The accumulo batch writer will re-send mutations if a tablet server fails,
or rejects the mutations because the tablet has moved.  There's nothing you
have to do to recover from fail-overs and re-balancing.

I'm not a kernel expert, but I believe that a swappiness setting of "1" is
equivalent to "0".

The error you are seeing is part of the failing tablet server scenario.
This is a bit complicated, so I'm going to name your three tablet servers
A, B and C.

Tablet server A is hosting a tablet, let's call it a-tablet.
Tablet server B is hosting a metadata tablet, let's call it m-tablet.
m-tablet records the information about a-tablet:

   - where it is hosted
   - what files it it has, and their approximate sizes
   - book-keeping related to bulk ingest
   - etc.. I think the OReilly Accumulo book has some great details

Now when A ingests some data, it eventually flushes the updates from memory
to a file.
Tablet server A then writes this new information to m-tablet, on Tablet
server B.

Now for the failure:
Tablet server A does a java memory garbage collection, and starts pulling
data from swap.

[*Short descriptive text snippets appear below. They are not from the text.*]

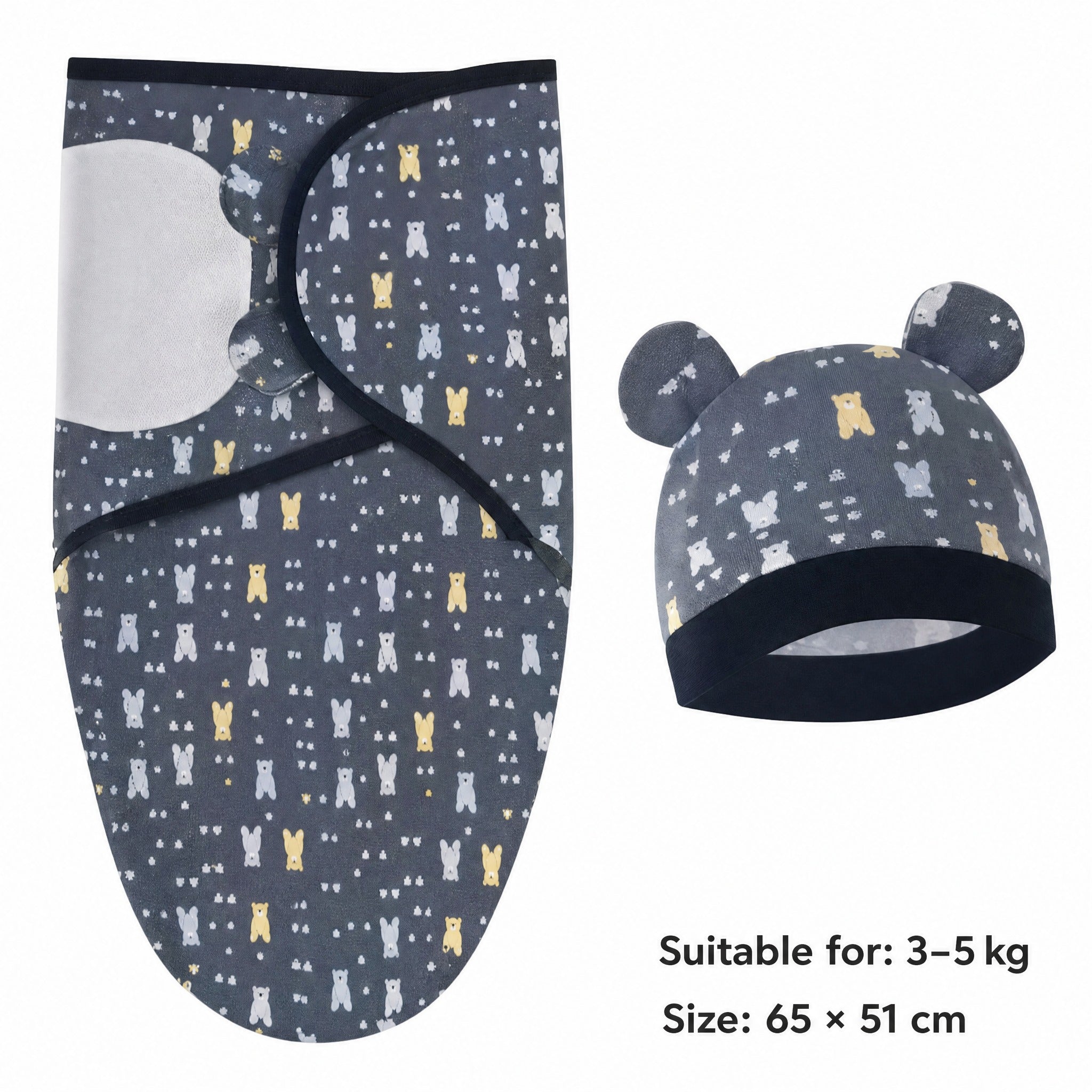Baby Swaddle Wrap Hat Set – Cartoon Print Newborn Blanket 0–6 Months All Seasons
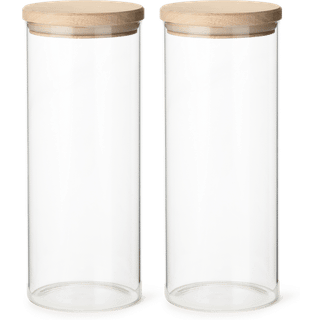Søstrene Grene | Opbevaringsglas med låg 2-pak | Glas/eg. 1400 ml. 2 stk. | Gennemsigtig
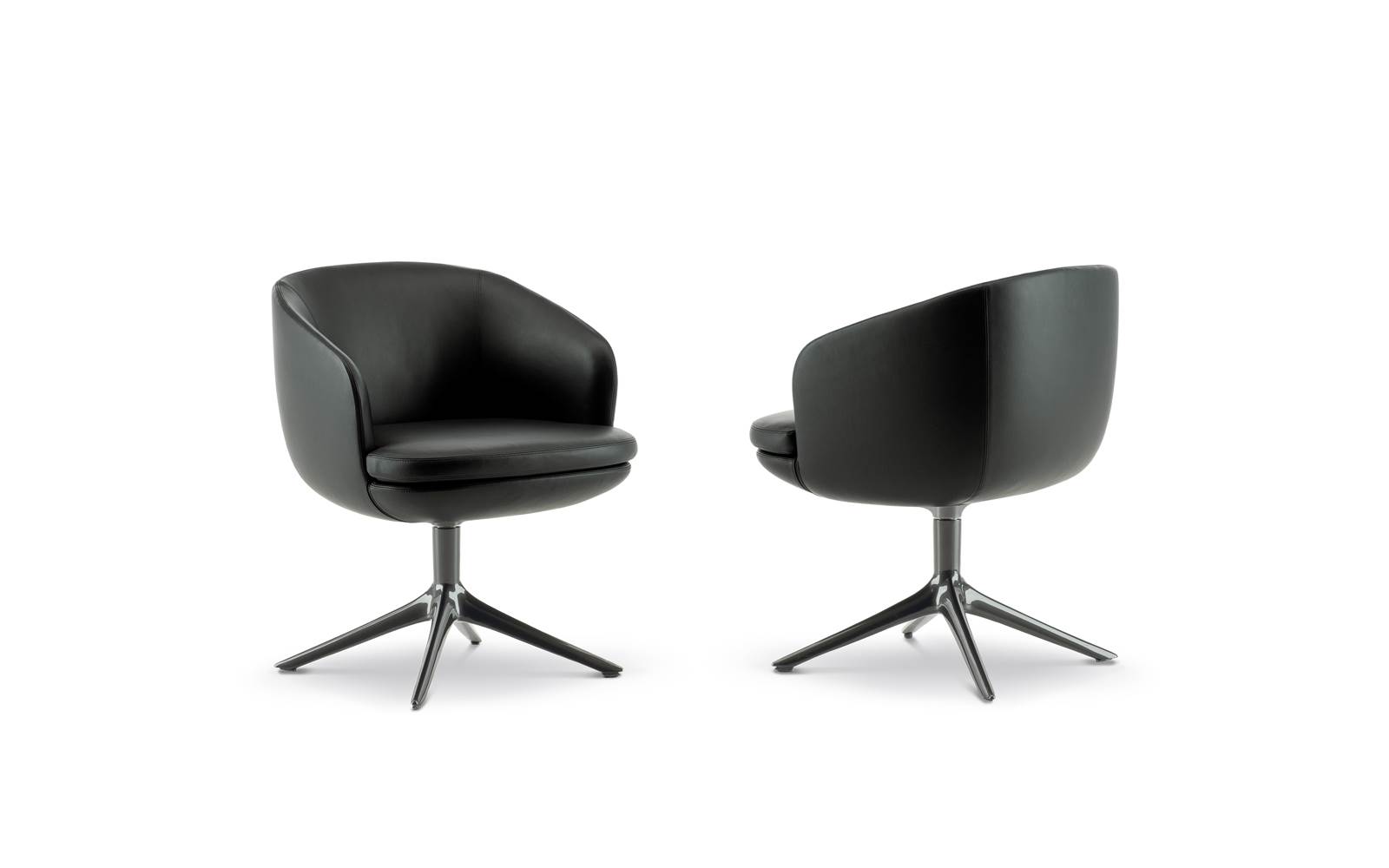 Black Leather Swivel Armchair Modern Metal Star Base Accent Seating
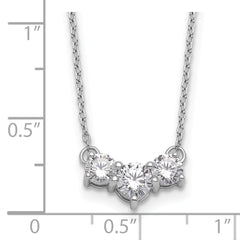 14K White Gold Lab Grown Diamond VS/SI GH, 3 Stone Complete Necklace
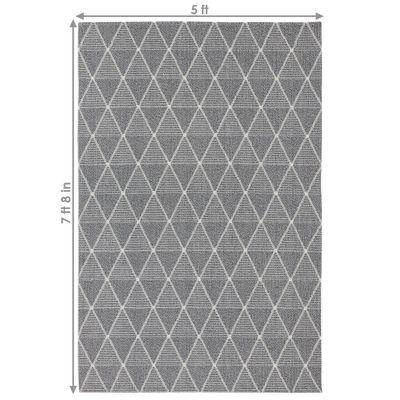 Image showing  Lattice Perfection Indoor Area Rug in Charcoal - 5 x 7 ft.
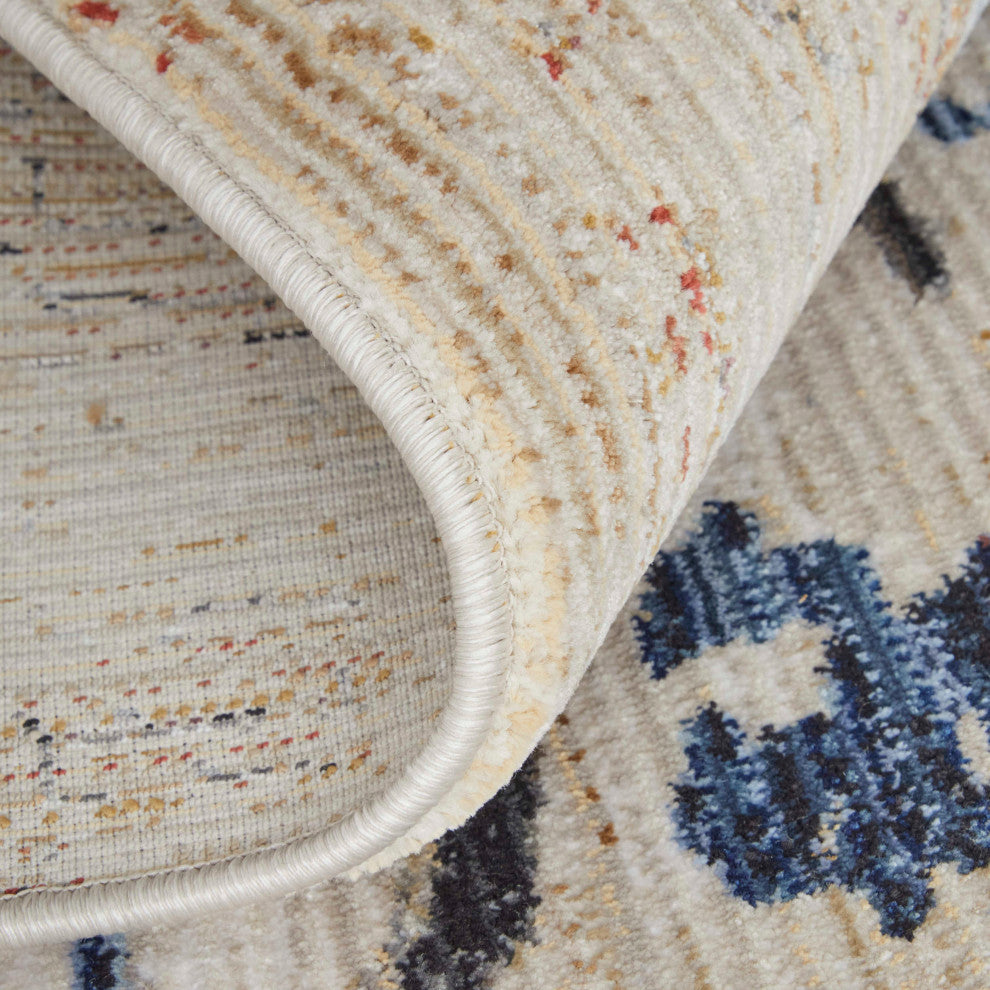 Maxin R39NW Modern/Industrial/Industrial Runner, Ivory/Blue, 2'6"x7'3"
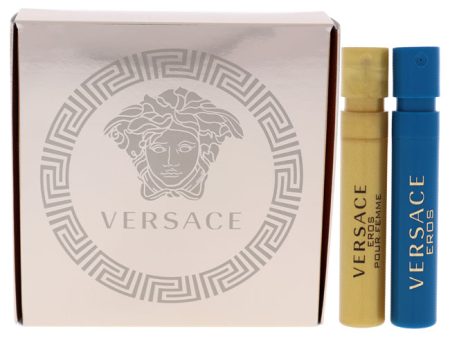 Versace Versace Eros by Versace for Unisex - 2 Pc Mini Gift Set 1ml Pour Femme EDP Spray, 1ml Pour Homme EDT Spray Discount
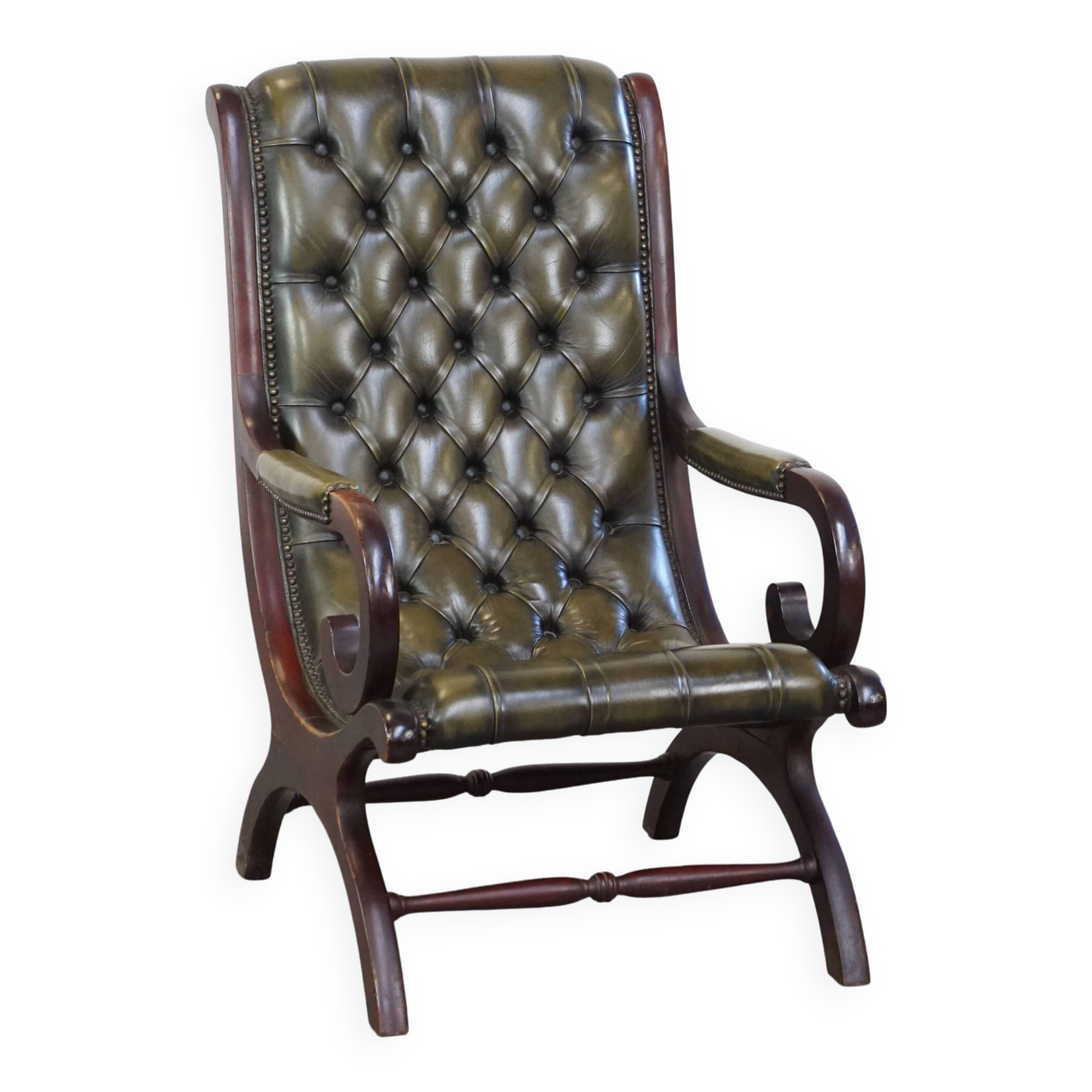 Green cow leather chesterfield armchair combined with wood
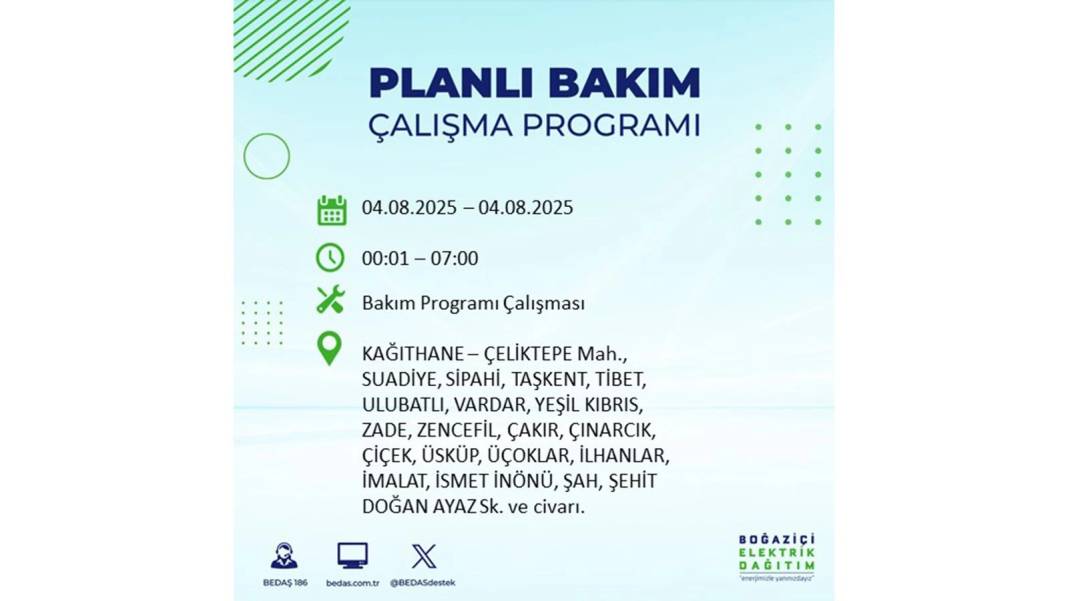 BÜYÜK ELEKTRİK KESİNTİSİ YAŞANACAK: BEDAŞ 4 Ağustos Pazartesi elektrik kesintisi yaşayacak ilçeleri sıraladı! 27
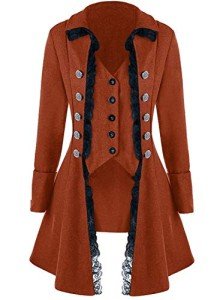 VNVNE Gothic Steampunk Victorian Coat for Women, Brown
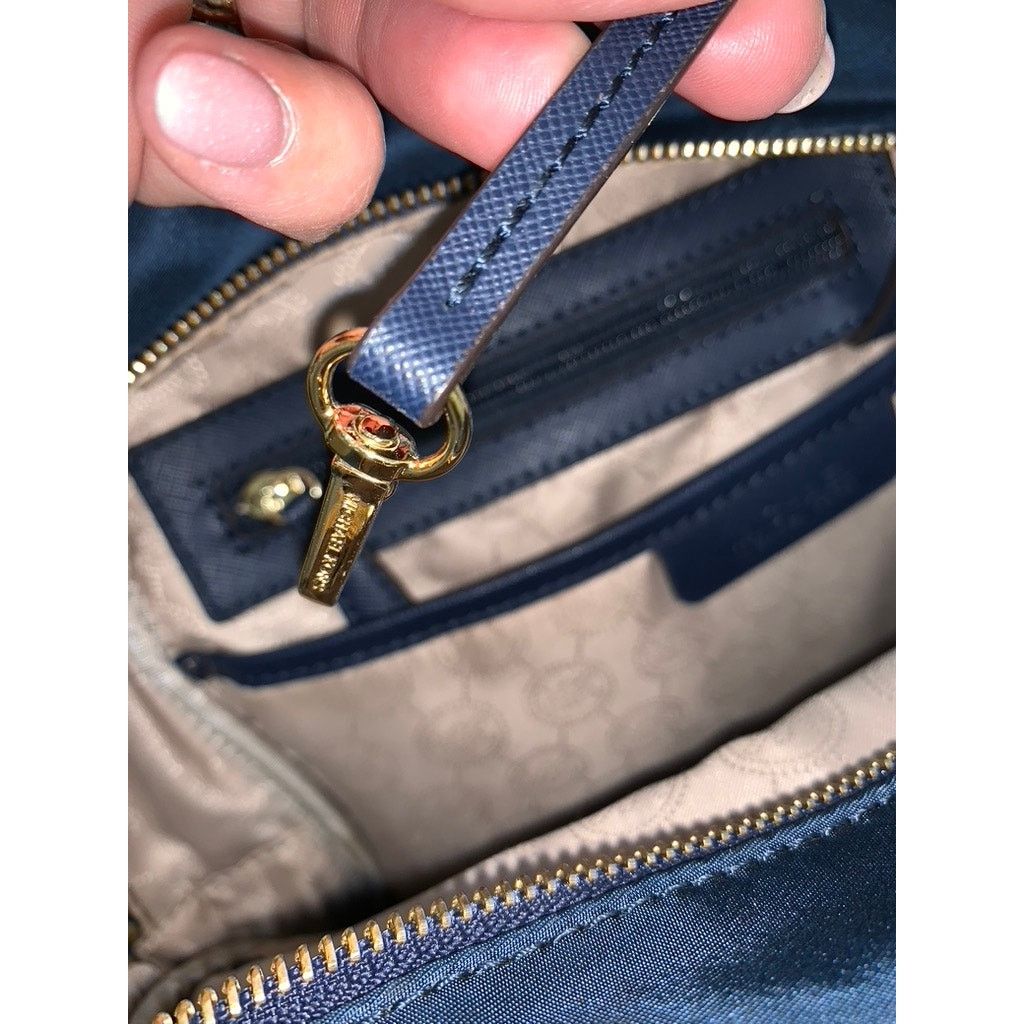 Michael Kors Michael Kors Navy Backpack with Gold Hardware & Logo Plaque Size ONE SIZE - 14 Thumbnail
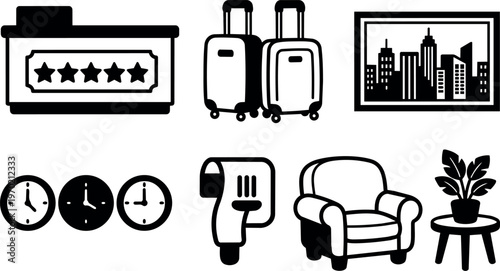 Hotel reception suitcase clocks receipt armchair and plant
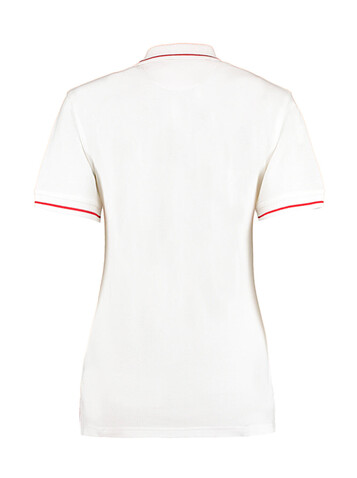 Kustom Kit Women`s St. Mellion Polo, White/Red, M bedrucken, Art.-Nr. 503110573
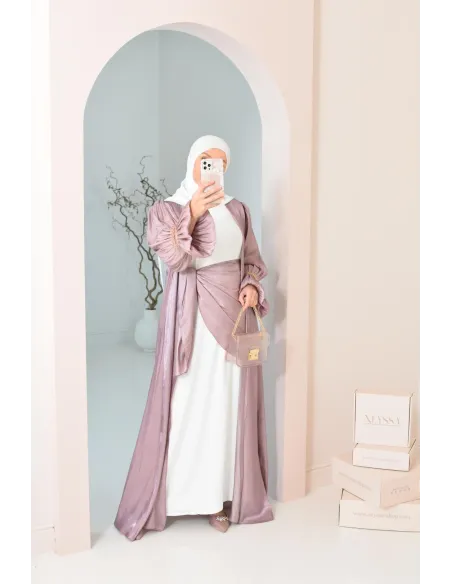 Abaya Dubaï 4 pièces aspect organza satinée brillant Mauve !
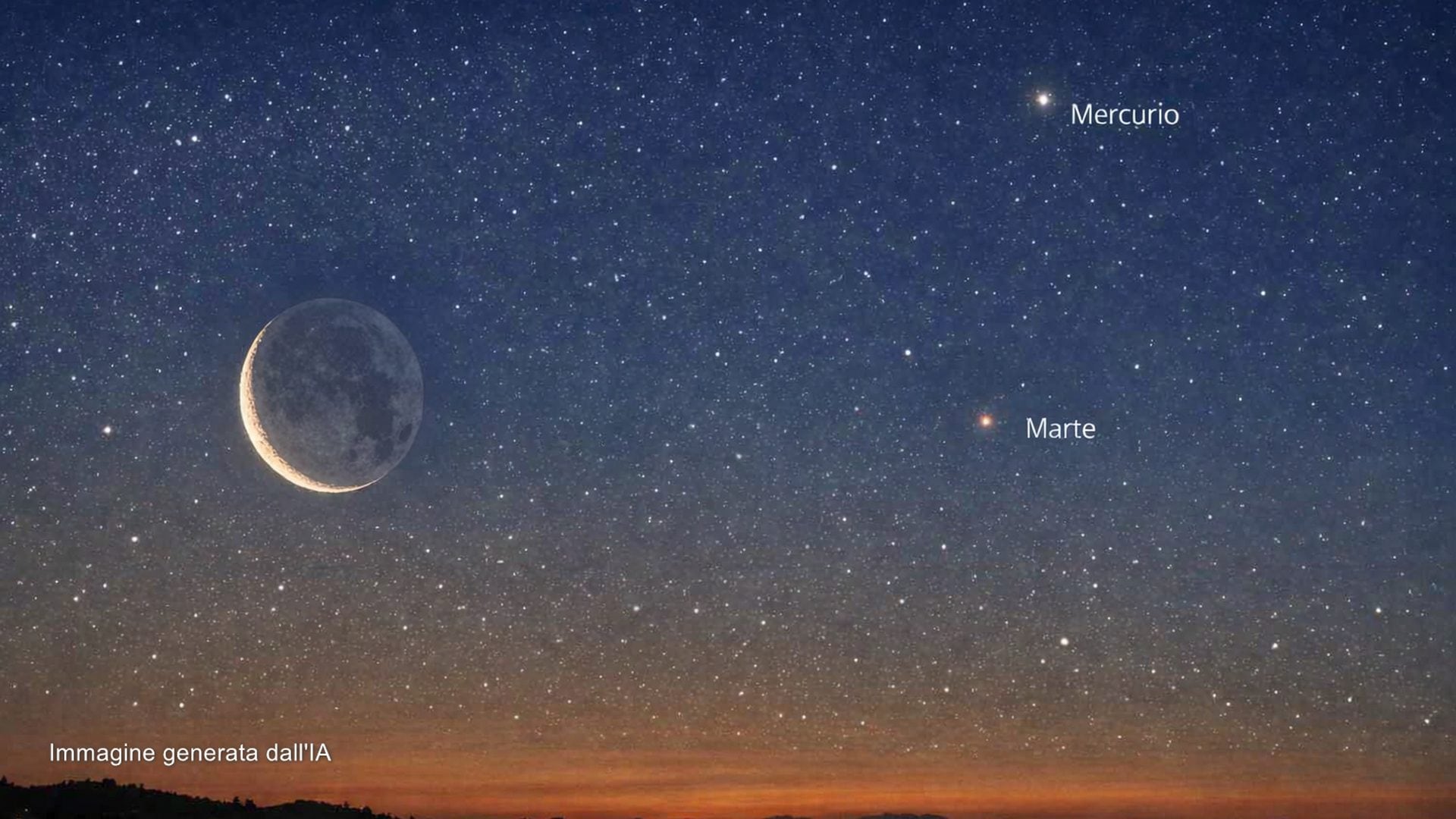 Oggi 18 marzo splendido abbraccio della Luna a Marte e Mercurio: a che ora vederli nei cieli italiani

That makes it go really slow, and it looses its zookeeper
session.

But, it's running so slowly, that it takes a moment to realize it should
die.

In the mean time, the thread that is flushing memory, attempts to update
m-tablet with the new file information.

Fortunately there's a constraint on m-tablet. The constraint is that
mutations must contain a valid zookeeper session.  This prevents tablet
server A from making updates to m-tablet when it no long has the right to
host the tablet.

Your initial error is from tablet server A making an update to tablet
server B's m-tablet.  It's getting a constraint violation: tablet server A
has lost its zookeeper session, and will fail momentarily.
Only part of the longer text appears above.